The departure of former Lazard executive Scott Hoffman was disclosed in a regulatory filing on Wednesday. And the new co-CEO who was chosen to replace him, Seth Platt, is already trying to fire his counterpart.
The fund, which manages more than $70bn, has been mired in acrimony for years due to a clash between its co-founders, John Overdeck and David Siegel.
Their infighting — and its impact on the business — was supposed to be resolved in 2024 when Overdeck and Siegel appointed co-chief executives as their replacements.
Yet even with Siegel and Overdeck no longer overseeing day-to-day operations, the regulatory filing revealed their feud was still affecting the hedge fund and how it functions, with each still having sizeable sway over the future of the firm.
They each chose a successor. Overdeck selected the firm’s then chief business officer, Carter Lyons, and Siegel picked Hoffman, the former general counsel of investment bank Lazard. Lyons and Hoffman were to work as the new co-chief executives and sole management committee members. Overdeck returned to the management committee last March, replacing Lyons.
Hoffman resigned after “ongoing governance challenges”, according to the filing. And now his replacement has become a source of dispute over Platt’s position at Two Sigma.
Overdeck and Siegel each retain power to choose a member of the firm’s management committee. Overdeck is disputing Siegel’s choice of Platt, a family office executive, as Hoffman’s replacement as co-CEO.
Meanwhile, even though Platt has only been in the position for two weeks, he has already tried to fire Lyons as co-CEO because he “undermined his authority”, according to the filing.
Even after Siegel and Overdeck officially stepped down, their feud continued in private. They went to arbitration last year over some of their disagreements.
The claims were ultimately dismissed, but the arbitration panel found that “despite the firm’s undeniable success, the co-chairmen’s ongoing disputes and differing views on corporate governance have caused management dysfunction at Two Sigma”.
“We are focused on sustaining our positive momentum and providing differentiated returns for our investors,” a spokesperson said in an email, who added the firm was grateful for Hoffman’s work at the hedge fund.

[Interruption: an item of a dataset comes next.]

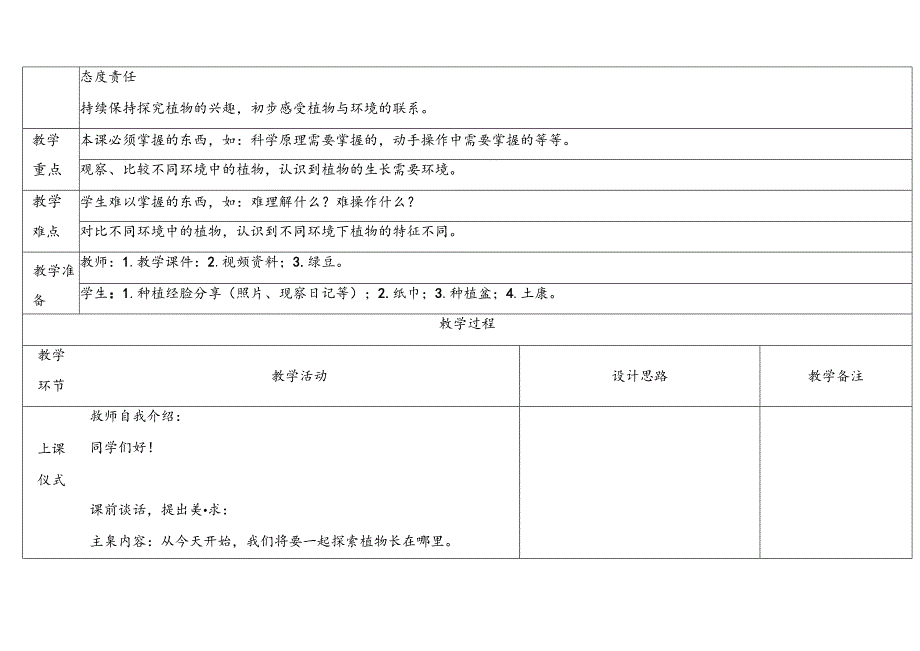 1.3 《植物长在哪里》表格式教学设计 2024一年级上册科学教科版.docx_第2页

The friction between Siegel and Overdeck was revealed in 2023 when Two Sigma took the unusual move of warning that rifts among its management committee members — which included the co-founders — could amount to a “material risk”.
At the time, the infighting appeared to be undermining the hedge fund’s operations. The committee had been unable to agree on organisational structure, responsibilities for top executives and succession plans.
Over the past year, committee members have still not been able to agree on those business decisions, which Two Sigma warned could affect the hedge fund’s ability to retain employees.